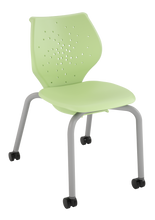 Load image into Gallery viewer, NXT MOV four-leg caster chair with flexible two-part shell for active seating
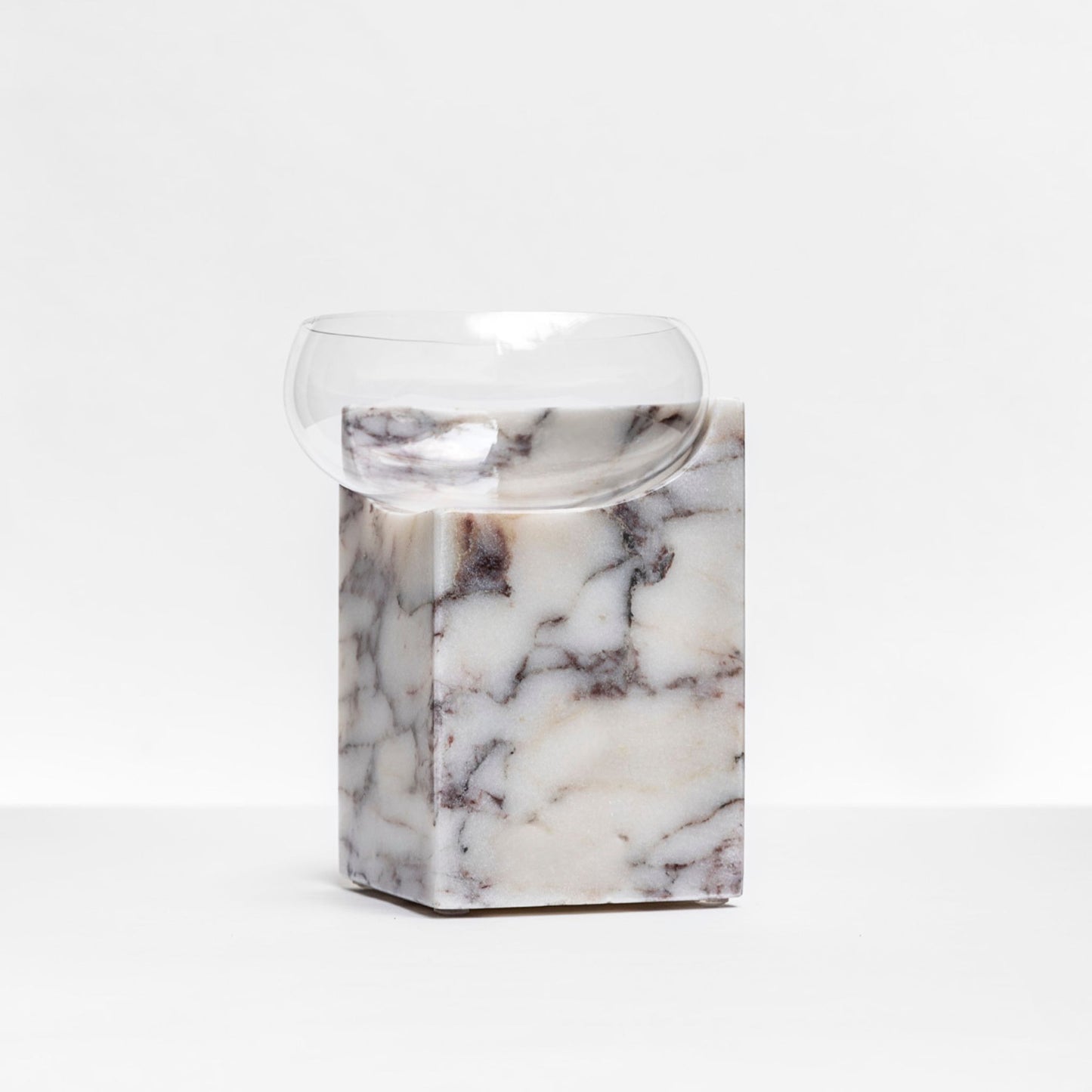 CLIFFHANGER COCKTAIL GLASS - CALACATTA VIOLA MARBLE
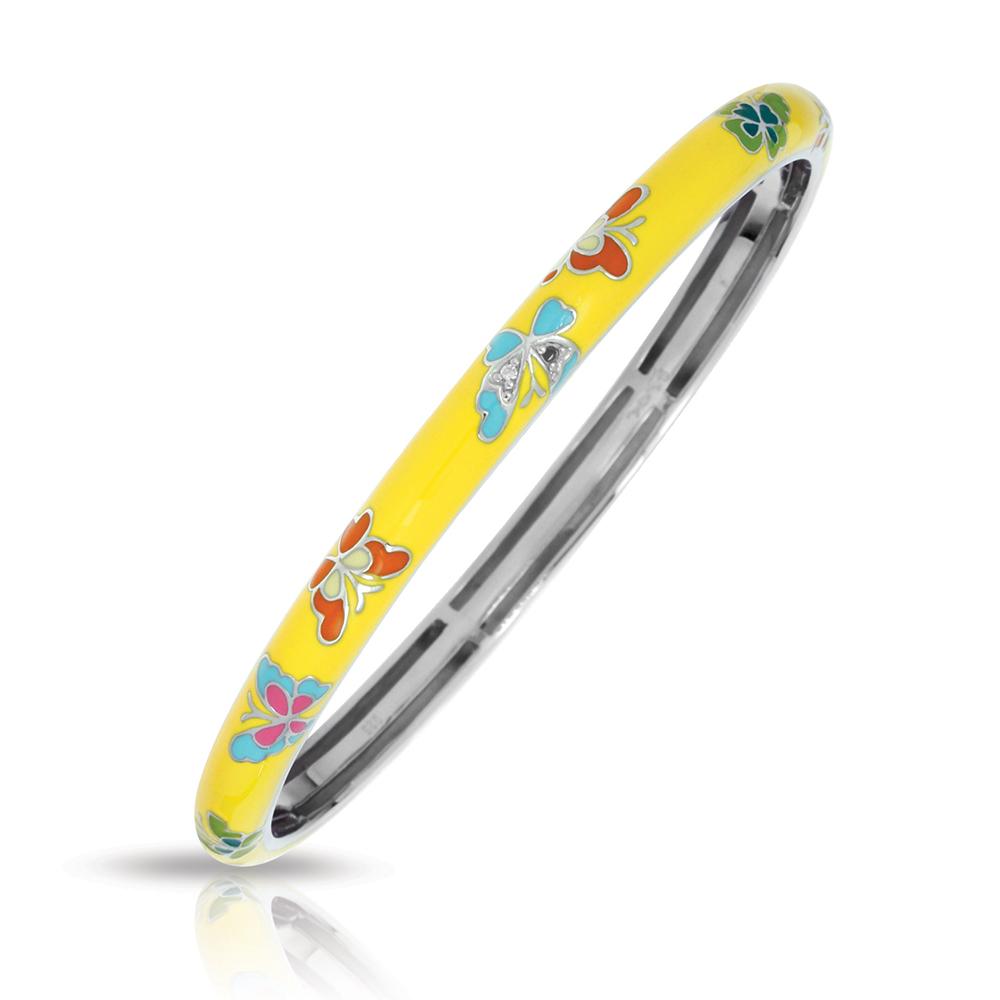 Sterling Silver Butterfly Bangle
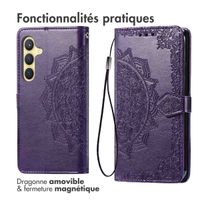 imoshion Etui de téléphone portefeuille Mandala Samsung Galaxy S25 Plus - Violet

PROBLEM TO SOLVE = Set down the line containing "CLIFFHANGER COCKTAIL GLASS", then every later line through the end of the material, exactly as written; omit any picture.

WRITTEN ANSWER =
 CLIFFHANGER COCKTAIL GLASS - CALACATTA VIOLA MARBLE
 Sterling Silver Butterfly Bangle
 imoshion Etui de téléphone portefeuille Mandala Samsung Galaxy S25 Plus - Violet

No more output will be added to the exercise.